Unscrambling password encryptions took me weeks, longer the further I got inside. Undetected for now, but definitely not forever. Think mouse, think alley of cats, and you’d see my position. The further I went in, the harder it was to leave, and the harder it was to continue. I pinned myself to our Big Daddy Super Computer, like a parasite, and didn’t let go.

All those hours, weeks, months, possibly years (I’ll never tell) cumulated into the final day. The day when I realised I was in. Apply injection to the vein and in goes the medicine. Medicine, cyanide, who can really tell the difference?

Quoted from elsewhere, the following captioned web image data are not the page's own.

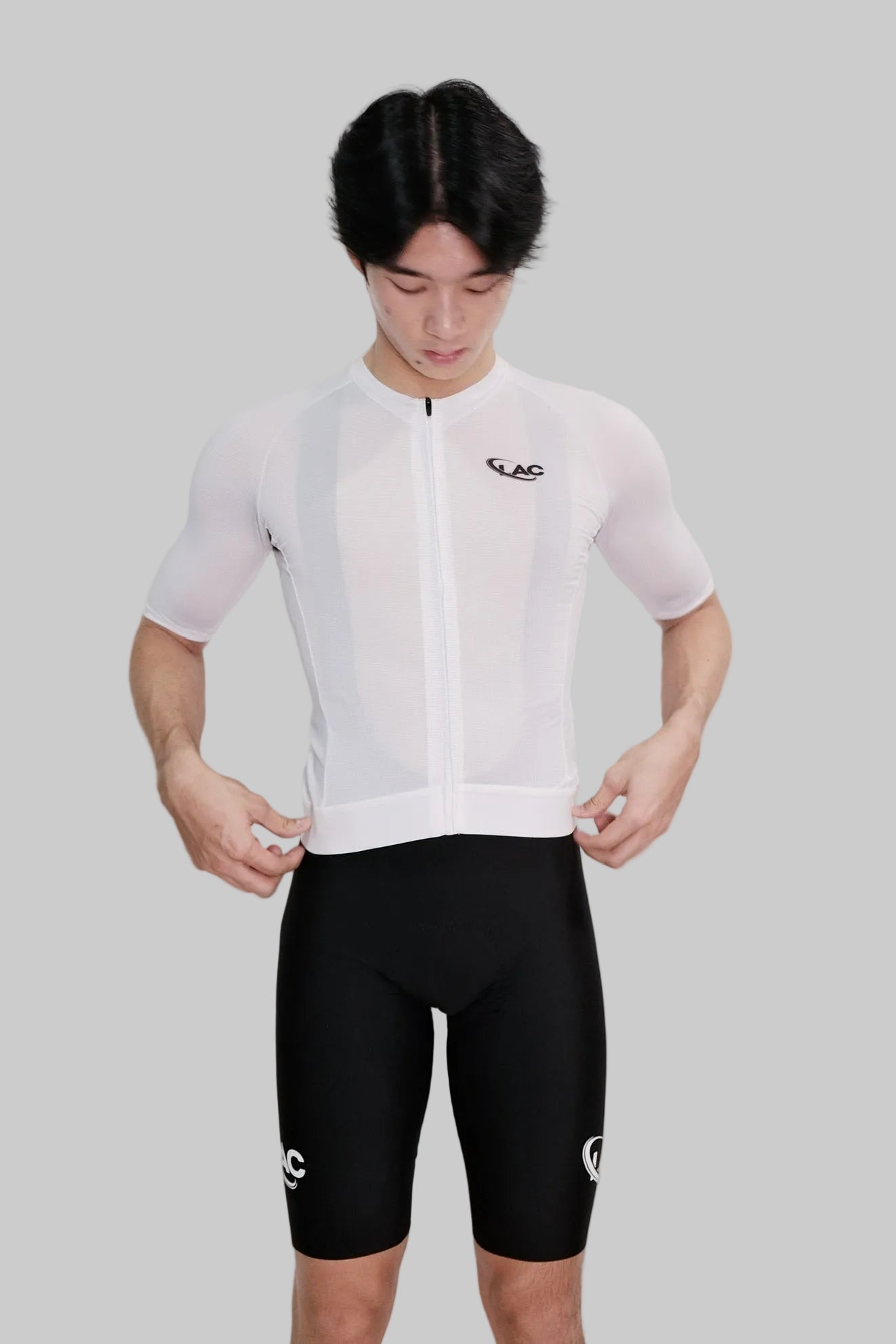 Person wearing a white cycling jersey and black shorts with a visible brand logo on a white background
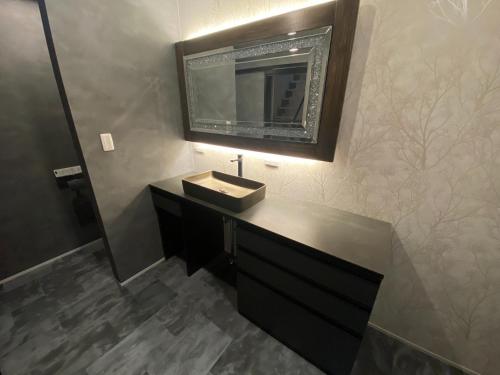 a bathroom with a sink and a mirror on the wall at HIRARI Mizubenomori - Vacation STAY 08869v in Chikugo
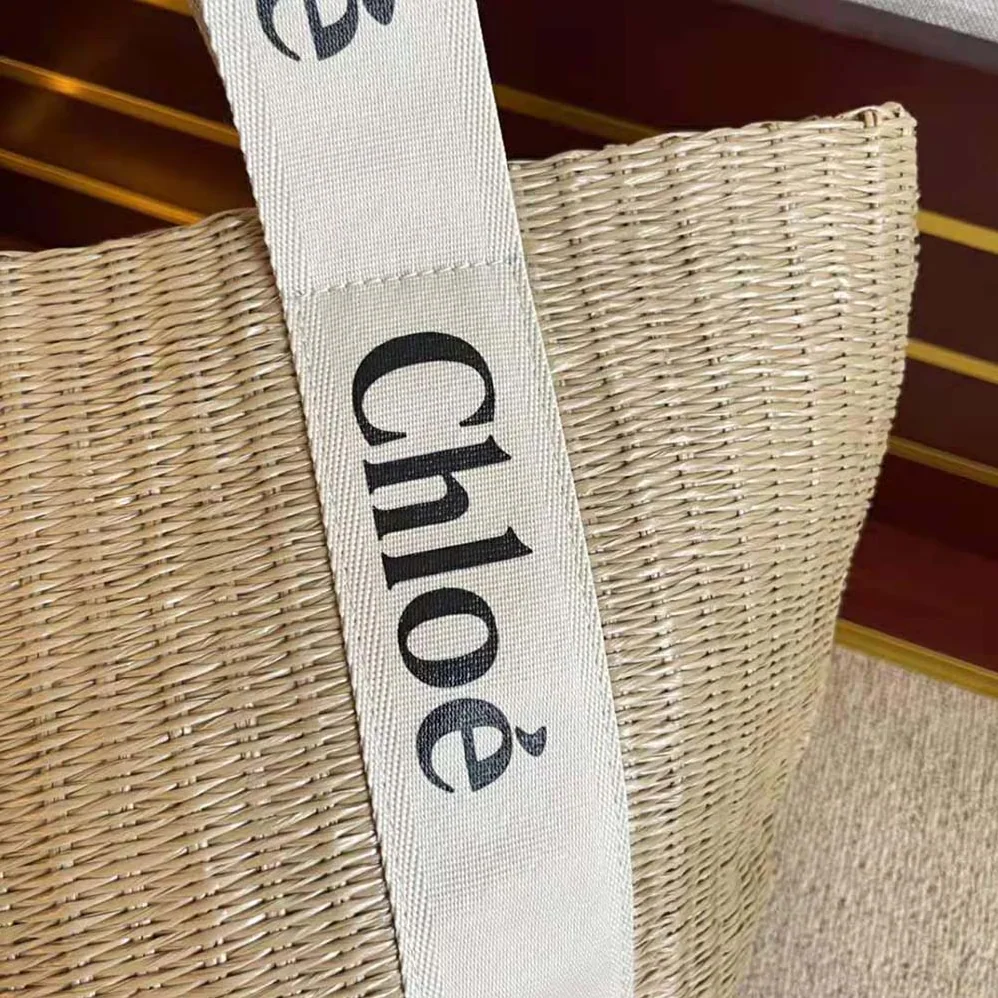 Chloe Large Woody Basket in Fair-Trade Paper with the Woody Ribbon for Women Chloe Large Woody Basket in Fair-Trade Paper with the Woody Ribbon for Women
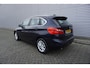 BMW 2-Serie Active Tourer 218i Centennial Executive Climate / Navi / Cruise / Led / Lm velgen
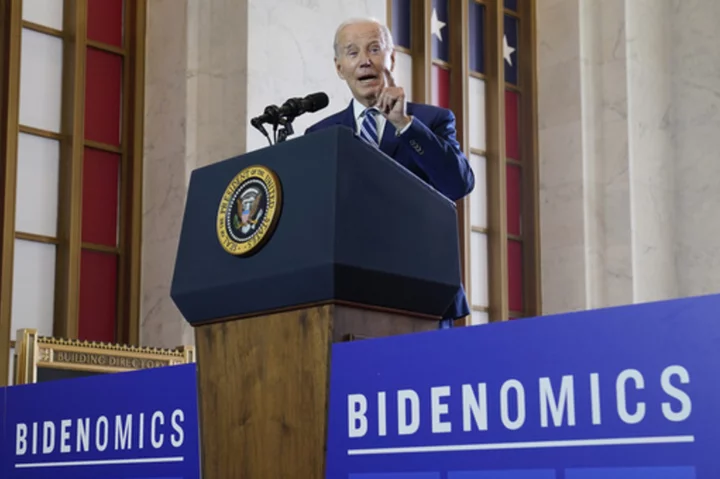 President talks up 'Bidenomics' though new poll shows just 34% approve his handling of the economy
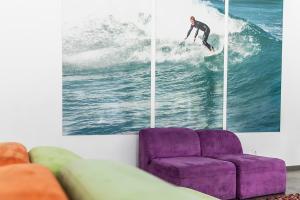 a man riding a wave on a surfboard in the ocean at Hi Espinho - Pousada de Juventude in Espinho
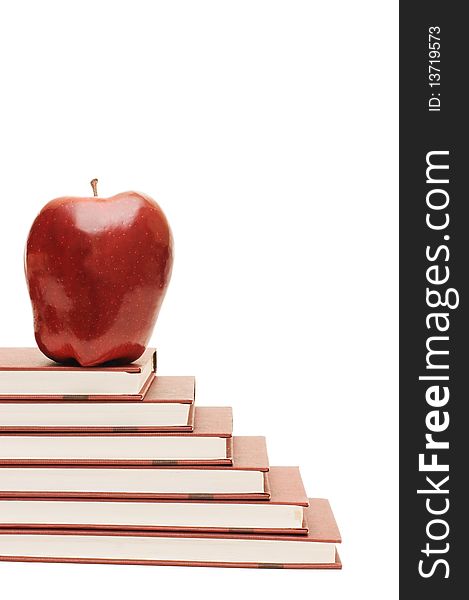 Stack of books and apple isolated over white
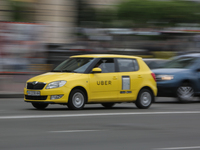 UBER taxi service vehicle drives through the Khreshchatyk street in Kyiv, Ukraine, May 7, 2019. New York Taxi Workers Alliance informs that...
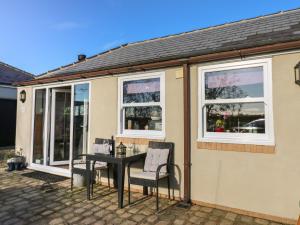 a house with a table and two chairs and windows at Grace's Retreat in Darlington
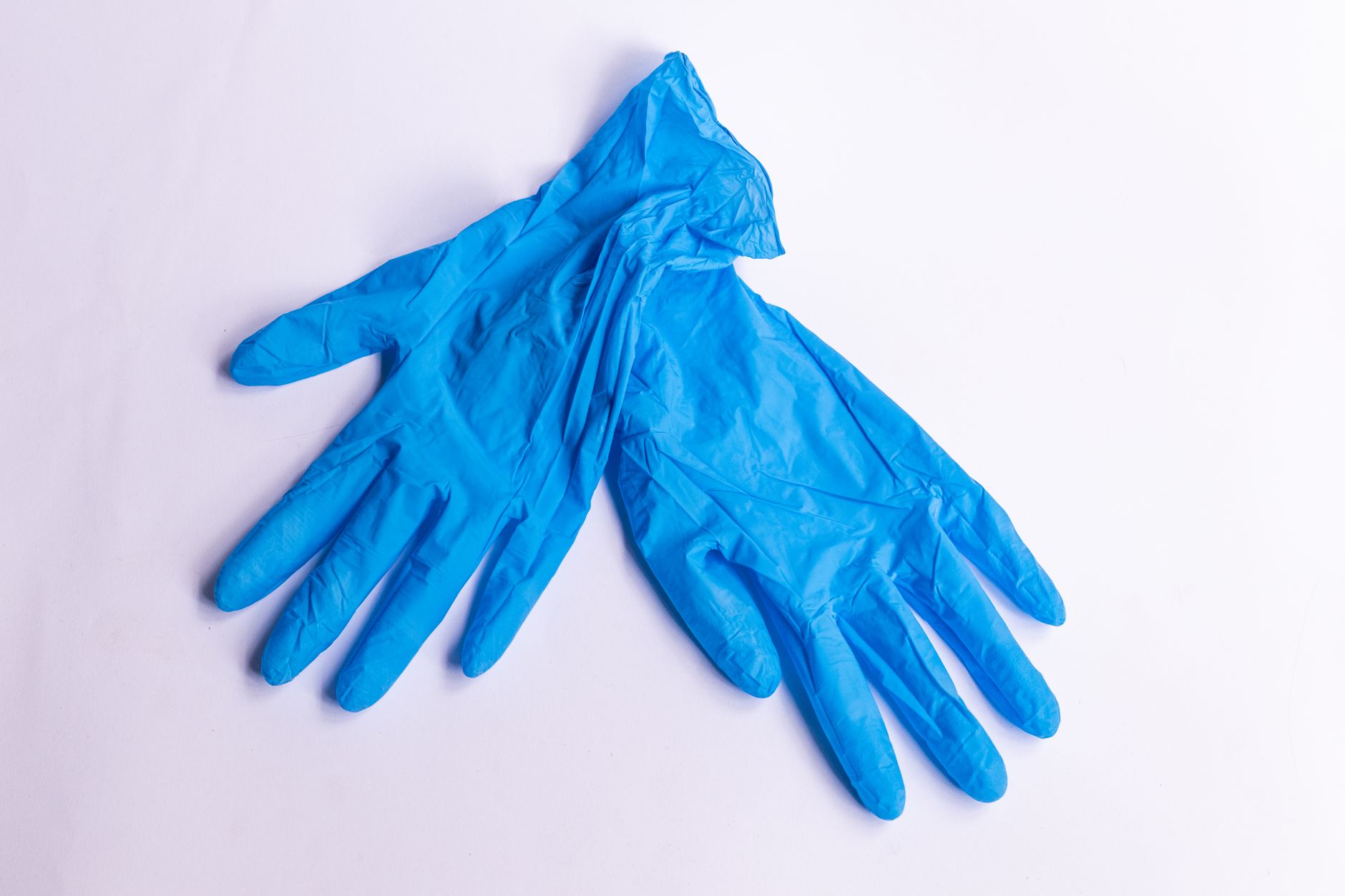 Pair of blue nitrile examination gloves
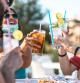Jóvenes disfrutan de unos cócteles en la terraza de un bar durante el verano.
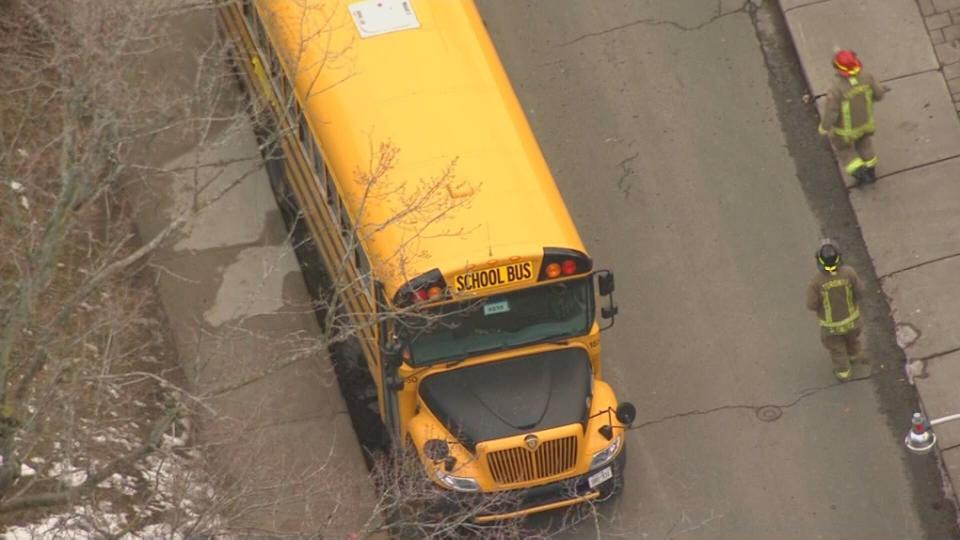Toronto Fire Services is investigating after a sinkhole opened up under a parked school bus in Toronto. 
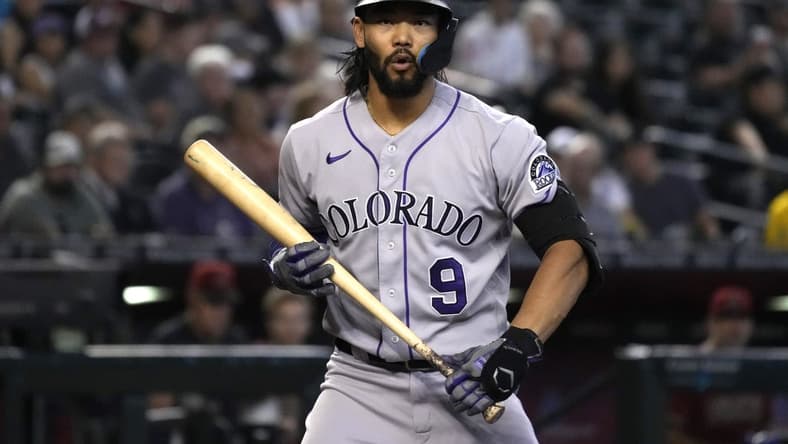 Aug 7, 2022; Phoenix, Arizona, USA; Colorado Rockies left fielder Connor Joe (9) reacts after striking out against the Arizona Diamondbacks in the sixth inning at Chase Field. Mandatory Credit: Rick Scuteri-USA TODAY Sports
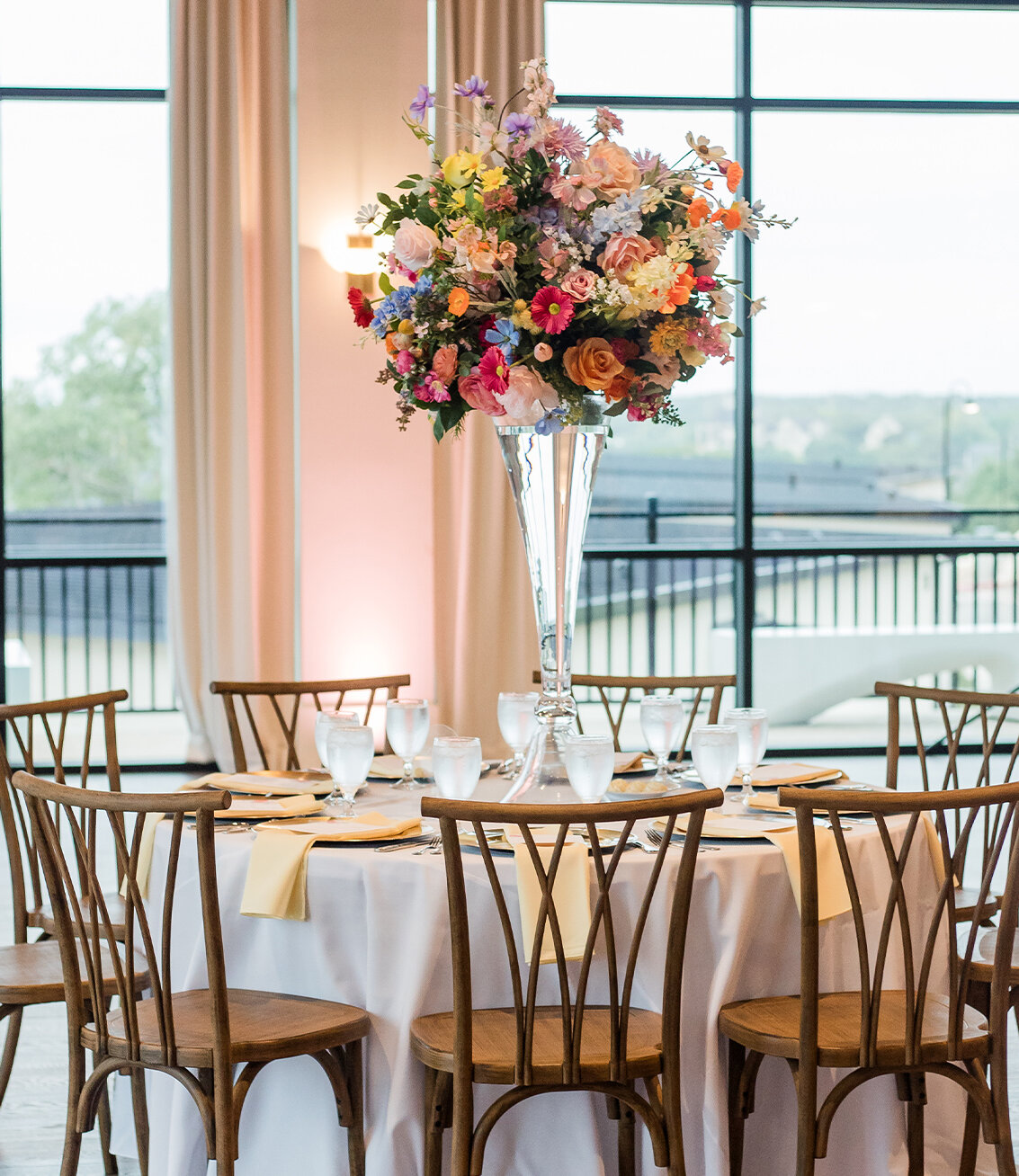 Colorful floral decor inside of reception ballroom with large windows in the background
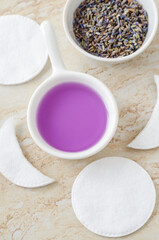 Small white bowl with purple lavender water (toner, micellar water) and cotton pads. Ingredients for preparing homemade cosmetics. Natural beauty treatment recipe.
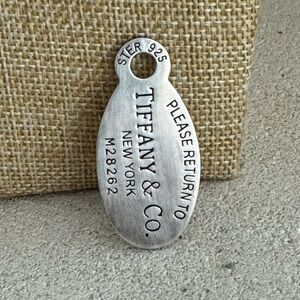 Tiffany & Co Return to Tiffany Oval Tag Charm Pendant Silver 925 Numbered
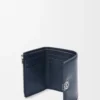 Cartera vertical pequeña Puffer Anagram en piel de becerro napa brillante azul marino oscuro Cartera vertical pequeña Puffer Anagram en piel de becerro napa brillante azul marino oscuro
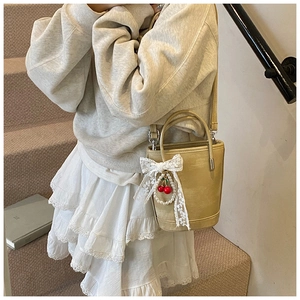 Détail du sac seau beige élégant orné d'un nœud en dentelle et d'un pendentif cerise et perle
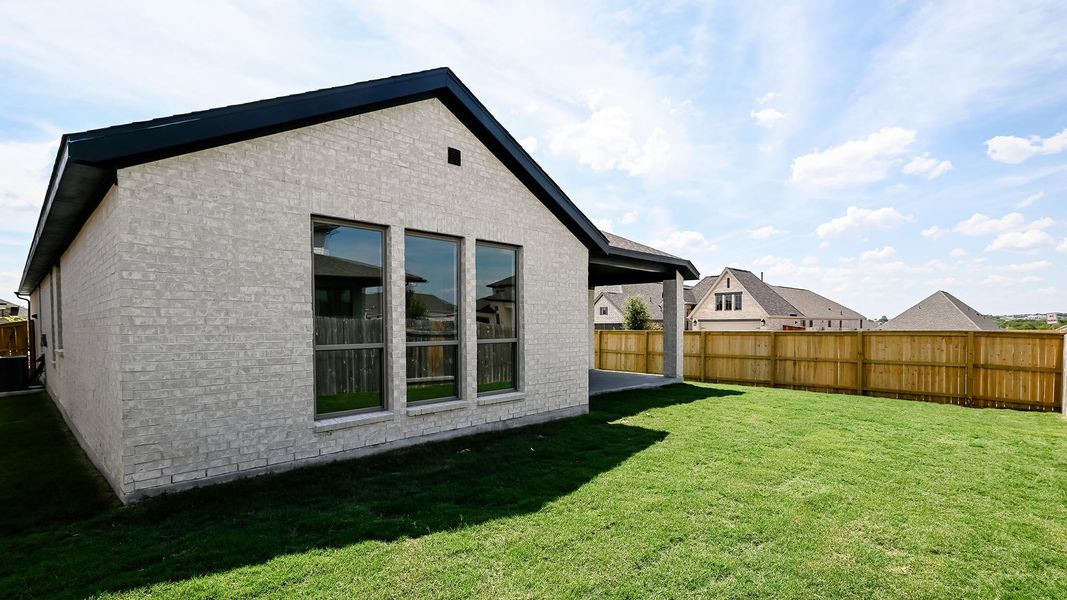Back of property with brick siding, a patio, and a residential view Back of property with brick siding, a patio, and a residential view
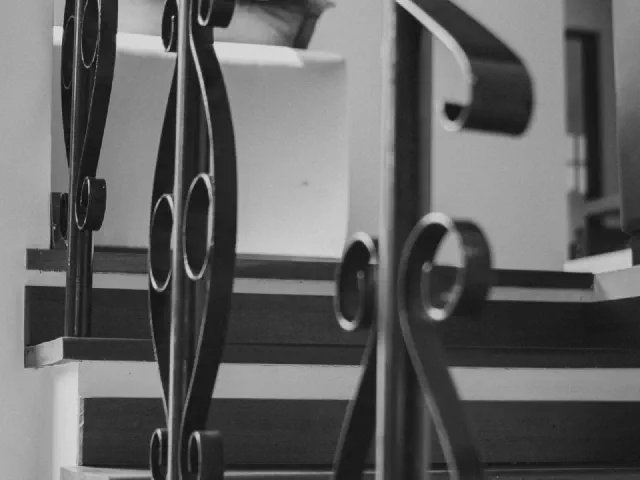 Zbliżenie czarnych, kutych tralek z ornamentem przy stopniach z czarnymi nakładkami na tle białej ściany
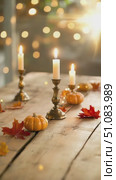A rustic wooden table adorned with small orange pumpkins, colorful autumn leaves, and lit candles. Soft bokeh lights create a warm, inviting atmosphere. Стоковое AI-видео, аниматор Nart / Фотобанк Лори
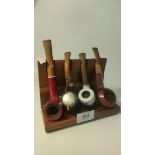 Four smoking pipes on display stand; Harvey pipe & swiss made pipe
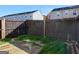 Fenced backyard with a concrete patio and small patches of grass at 1235 Labonte Pkwy, Mcdonough, GA 30253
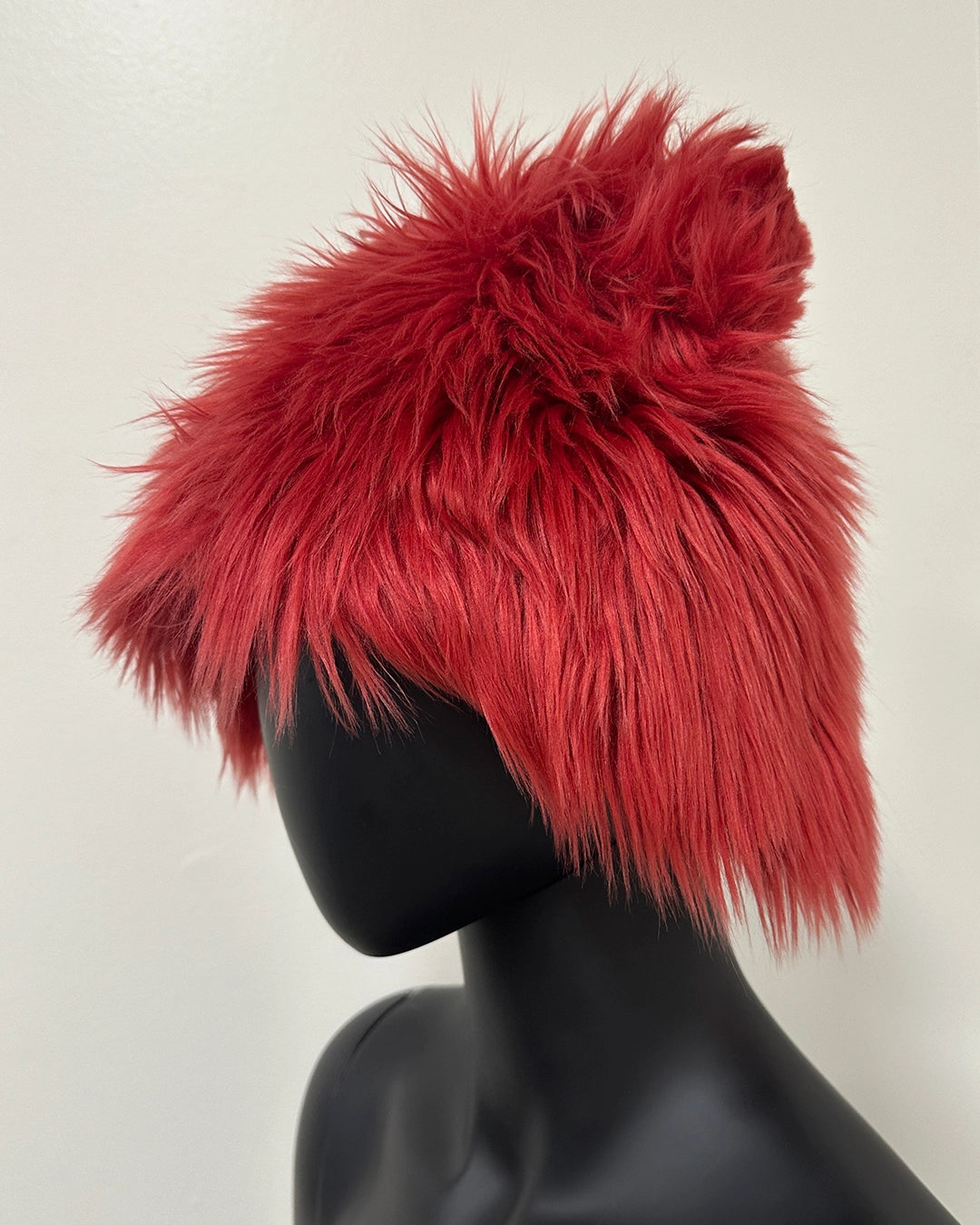 Red fluffy hat on a black mannequin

The single command I typed, was Execute. Appropriate in more ways that it would ever know. I tapped the enter key, and sat back.

Sit back, relax, and enjoy the ride. Please keep arms and legs inside the carriage at all times. The first step to the end of civilisation was on its way.

In the beginning, there was God, and he created the Earth.
In the beginning, there was nothing, and the Big Bang happened.
The era of creation is long over. Welcome to the era of total destruction. Whatever you think you made, whatever you owned, whatever you see with that imagination of yours, it is now worthless, obsolete, and dust in my hands.

My vision, my creation, is chaos theory.